» **Exercise prompt**:
Copy the data below exactly, but not the pictures it contains.

*** Opening Source material ***

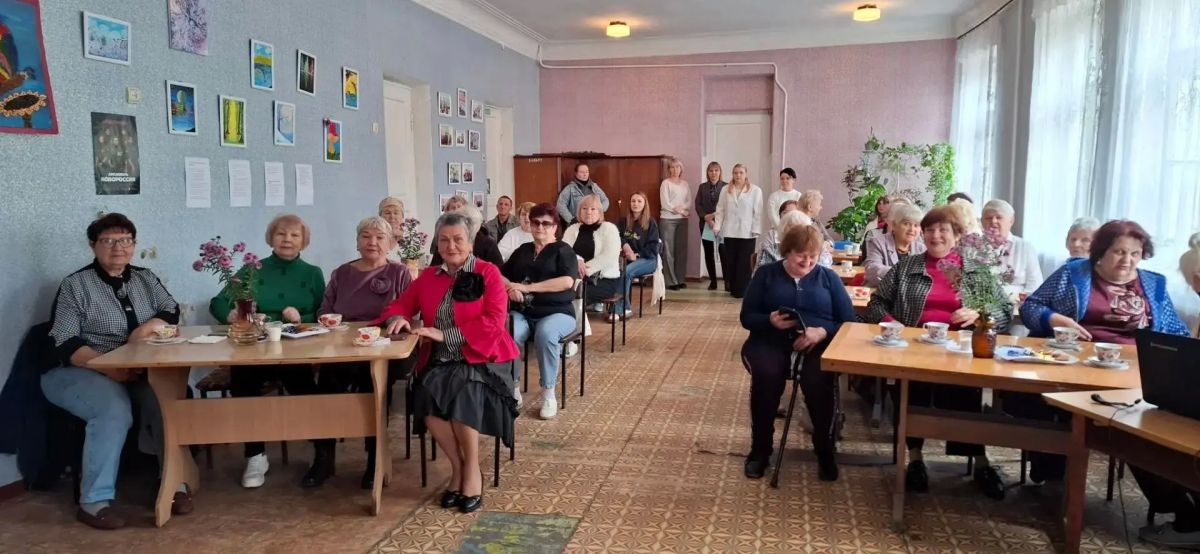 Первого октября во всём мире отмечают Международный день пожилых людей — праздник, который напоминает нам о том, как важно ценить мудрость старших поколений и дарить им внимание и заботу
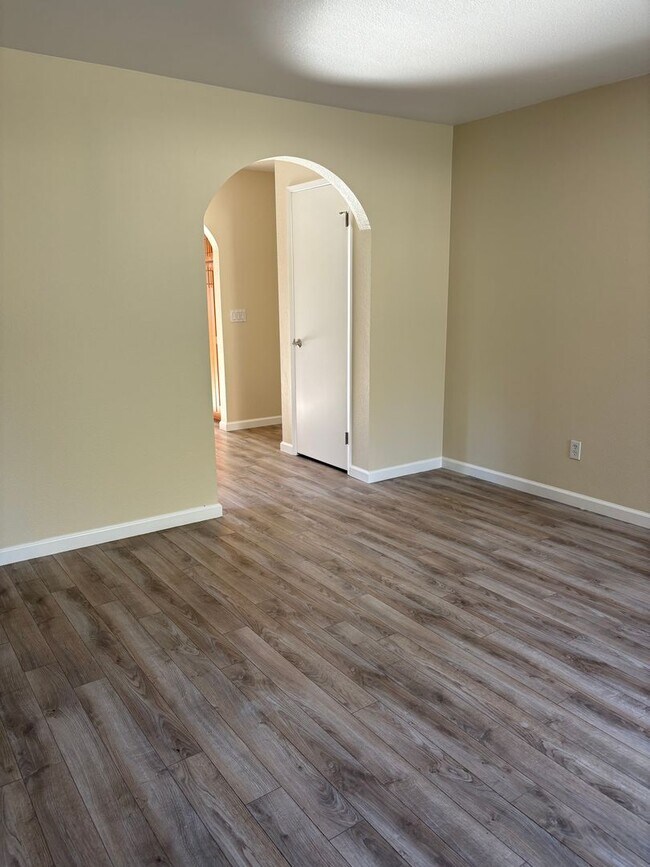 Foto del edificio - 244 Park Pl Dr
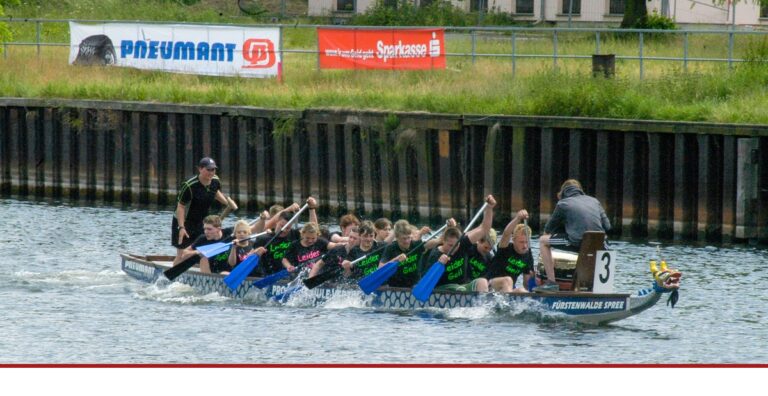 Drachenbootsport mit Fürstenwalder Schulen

*** Closing Source material ***

» **Output for this task**:
 Первого октября во всём мире отмечают Международный день пожилых людей — праздник, который напоминает нам о том, как важно ценить мудрость старших поколений и дарить им внимание и заботу
 Foto del edificio - 244 Park Pl Dr
 Drachenbootsport mit Fürstenwalder Schulen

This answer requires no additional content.